Later in 2018, Bennett organized an open-carry rally at the college. The university released a statement that a cease and desist order had been issued against advertising the event, as Bennett had not attempted to register it with the university. Following her initial protest of Kent State, Bennett became a correspondent for InfoWars. Due to her affiliation with the site, she was ejected from a campaign event for Bernie Sanders. She returned to the university in November of that year to host a discussion on gun rights.

In January 2020, clips surfaced online of her 2019 interviews with University of Kentucky students. Originally posted by Liberty Hangout with the title "College Students Have No Morals", the videos show Bennett questioning the students about resources for transgender people in bathrooms which attracted significant online attention. One student interviewed used the attention to raise money for charity.

In February, Bennett went to Ohio University to ask trivia questions for President's Day, but was confronted by a large crowd of college students opposing her. The visit turned into a confrontation with student protesters, forcing her off campus within two hours, leading to a strong online reaction and increased media attention, and further establishing her as a conservative media figure.

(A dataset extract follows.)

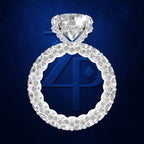 Round Diamond Bridal Ring Set for Women with Eternity Accent Bands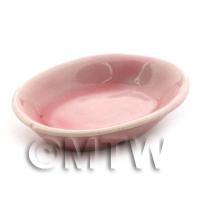 1/12th scale - 34mm Dolls House Miniature Pink Ceramic Serving Dish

A September 2020 visit by Bennett to the University of Central Florida caused a disturbance due to a similar confrontation with protesters, culminating in her fleeing the campus under the protection of a police escort.

== Personal life ==
Bennett became engaged in 2019 to Justin Moldow, the founder of Liberty Hangout. The couple later married in a March 2020 ceremony. In 2021, she announced her conversion to Roman Catholicism, formerly identifying as an atheist. In January 2026, Bennett announced that she was pregnant with the couple's third child, and in June said that she would be taking a hiatus from her Liberty Hangout activities due to severe morning sickness.

Bennett resides in the Tampa Bay area of Florida.